Se isso é verdade, a maior demonstração de inteligência que um gestor pode dar resume-se em duas coisas:

  1. Descobrir o potencial de cada um no seu grupo de pessoas. Quais são suas competências mais fortes e como elas podem ser ativadas;
  2. Ativar a inteligência coletiva da equipe, através de um ambiente altamente colaborativo, em substituição a um ambiente onde reina a competição.

Simples? No papel sim. Na prática, um enorme desafio. É dele também a frase que completa esta provocação:

– “A inteligência coletiva só tem início com a cultura e cresce com ela

5) Agilidade

Este tema nem merece mais tanto debate. A velocidade dos acontecimentos e das inovações neste momento histórico nos impõe agilidade. Poucas coisas hoje podem ser deixadas para amanhã. Pode ser tarde demais.

Na questão cultural, a decisão de se tornar uma organização ágil é fator crítico de sucesso. Agilidade nos processos e na tomada de decisão, sempre colocando os interesses dos clientes acima de tudo, faz parte deste kit de transformação cultural que vimos em 100% dos projetos até aqui.

6) Inovação

Desde 2008, estamos na jornada TrendsInnovation.

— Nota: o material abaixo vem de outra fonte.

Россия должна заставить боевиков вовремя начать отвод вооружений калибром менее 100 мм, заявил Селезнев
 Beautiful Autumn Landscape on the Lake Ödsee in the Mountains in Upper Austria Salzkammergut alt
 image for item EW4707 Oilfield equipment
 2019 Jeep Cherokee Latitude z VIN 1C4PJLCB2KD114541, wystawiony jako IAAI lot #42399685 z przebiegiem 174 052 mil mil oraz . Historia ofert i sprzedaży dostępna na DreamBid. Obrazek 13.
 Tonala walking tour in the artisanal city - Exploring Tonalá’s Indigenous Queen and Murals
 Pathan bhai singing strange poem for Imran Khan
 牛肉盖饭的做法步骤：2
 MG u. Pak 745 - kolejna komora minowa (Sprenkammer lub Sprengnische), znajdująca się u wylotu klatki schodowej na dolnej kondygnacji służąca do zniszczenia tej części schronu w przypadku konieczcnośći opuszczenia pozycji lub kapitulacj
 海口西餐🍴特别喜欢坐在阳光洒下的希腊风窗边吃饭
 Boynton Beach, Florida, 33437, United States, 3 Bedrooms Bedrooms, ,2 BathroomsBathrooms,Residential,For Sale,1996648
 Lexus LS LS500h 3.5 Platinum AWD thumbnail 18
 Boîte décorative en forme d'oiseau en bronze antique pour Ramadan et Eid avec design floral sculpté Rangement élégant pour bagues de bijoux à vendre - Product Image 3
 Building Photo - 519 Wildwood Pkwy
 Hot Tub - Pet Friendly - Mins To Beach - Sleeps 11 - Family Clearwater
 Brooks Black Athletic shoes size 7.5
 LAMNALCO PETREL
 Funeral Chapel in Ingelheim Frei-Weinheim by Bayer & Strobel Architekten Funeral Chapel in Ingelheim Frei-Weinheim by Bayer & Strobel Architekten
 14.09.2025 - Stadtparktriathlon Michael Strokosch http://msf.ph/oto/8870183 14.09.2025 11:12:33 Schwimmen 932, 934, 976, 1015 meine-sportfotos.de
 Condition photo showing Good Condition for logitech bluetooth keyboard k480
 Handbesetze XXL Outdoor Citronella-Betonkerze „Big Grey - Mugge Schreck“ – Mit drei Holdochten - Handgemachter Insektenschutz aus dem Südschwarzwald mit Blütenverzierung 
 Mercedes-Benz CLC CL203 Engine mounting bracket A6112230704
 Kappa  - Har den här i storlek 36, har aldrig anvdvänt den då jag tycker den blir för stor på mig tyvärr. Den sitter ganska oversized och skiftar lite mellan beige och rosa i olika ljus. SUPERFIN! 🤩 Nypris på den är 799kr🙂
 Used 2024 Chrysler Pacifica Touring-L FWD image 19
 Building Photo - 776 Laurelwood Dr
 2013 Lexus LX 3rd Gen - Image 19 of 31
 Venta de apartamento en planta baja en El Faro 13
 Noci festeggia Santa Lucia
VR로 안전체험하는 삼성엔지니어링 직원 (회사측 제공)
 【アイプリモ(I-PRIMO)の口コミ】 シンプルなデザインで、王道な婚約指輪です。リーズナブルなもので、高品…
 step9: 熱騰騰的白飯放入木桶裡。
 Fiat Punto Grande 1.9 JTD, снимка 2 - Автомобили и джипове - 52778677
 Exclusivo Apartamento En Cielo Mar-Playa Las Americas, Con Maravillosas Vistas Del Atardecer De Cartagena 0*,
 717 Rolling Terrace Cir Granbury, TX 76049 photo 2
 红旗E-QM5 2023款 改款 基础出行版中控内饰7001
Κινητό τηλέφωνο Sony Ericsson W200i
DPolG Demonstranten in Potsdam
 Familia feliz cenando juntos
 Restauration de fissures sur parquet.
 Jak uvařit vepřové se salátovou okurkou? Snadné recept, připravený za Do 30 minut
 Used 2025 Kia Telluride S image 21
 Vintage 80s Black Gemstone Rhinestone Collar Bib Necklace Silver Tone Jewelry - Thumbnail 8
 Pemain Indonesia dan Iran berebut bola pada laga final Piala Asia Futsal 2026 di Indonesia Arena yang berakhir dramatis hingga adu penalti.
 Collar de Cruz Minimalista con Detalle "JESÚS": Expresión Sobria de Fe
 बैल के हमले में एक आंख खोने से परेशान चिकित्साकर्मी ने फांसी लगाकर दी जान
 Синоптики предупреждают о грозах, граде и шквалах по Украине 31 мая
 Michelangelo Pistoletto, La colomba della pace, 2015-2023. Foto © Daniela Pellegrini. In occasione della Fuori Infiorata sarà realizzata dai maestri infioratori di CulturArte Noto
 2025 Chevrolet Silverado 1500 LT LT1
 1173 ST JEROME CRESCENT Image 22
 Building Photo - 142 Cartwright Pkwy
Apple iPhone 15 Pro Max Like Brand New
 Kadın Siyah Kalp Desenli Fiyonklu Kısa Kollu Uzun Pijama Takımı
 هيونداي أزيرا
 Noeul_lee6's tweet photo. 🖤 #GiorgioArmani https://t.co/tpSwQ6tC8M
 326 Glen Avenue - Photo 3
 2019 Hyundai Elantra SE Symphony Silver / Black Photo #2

Falar de inovação hoje como ingrediente de transformação cultural, é quase como dizer que precisamos de tomate para fazer um molho de tomate. E como esta metodologia forte de visão de futuro e tendências, o termo cunhado por nós em 2008 – TrendsInnovation – ganha ainda mais força.

Depois de vários projetos e de diversas empresas colocando o termo “inovação” como um dos seus valores centrais, é interessante notar que estas iniciaram, de fato, uma jornada de transformação cultural visando serem mais inovadoras. Até aí nenhuma grande surpresa.

Para uma organização, de fato, se tornar inovadora, precisa se despir de muitas das suas convicções. Precisa se desapaixonar pelos seus produtos e modelos de negócio e se apaixonar por duas coisas: pelo contexto e pelos clientes. Se o contexto muda, portfólio e modelo de negócio podem perder sentido. Quem não vislumbrar isso pode ser surpreendido por um “outsider” que fará a disrupção. A paixão por clientes nos permite, também, fazer movimentos na direção correta e destravar a empresa tornando-a mais ágil e eficaz.

Definimos Inovação como “Ideias Novas em Ação”, numa alusão clara de que inovação significa a produção de algo relevante que agregue valor e seja implementável. Mais do que tecnologias ou produtos, a inovação é uma disciplina empresarial com a capacidade de transformar o ecossistema e os negócios.

Não sendo propriedade de um departamento ou um único profissional, ela é responsabilidade de todos que coabitam o sistema empresarial, independente de função hierárquica, antiguidade ou peso na empresa. Construir, fortalecer e disseminar uma Cultura de Inovação é o que fará a diferença entre as empresas que sobreviverão e as que passarão à história. Ter o desenvolvimento de uma cultura de inovação dentro da chamada “Transformação Cultural” é, na nossa visão, quase mandatória.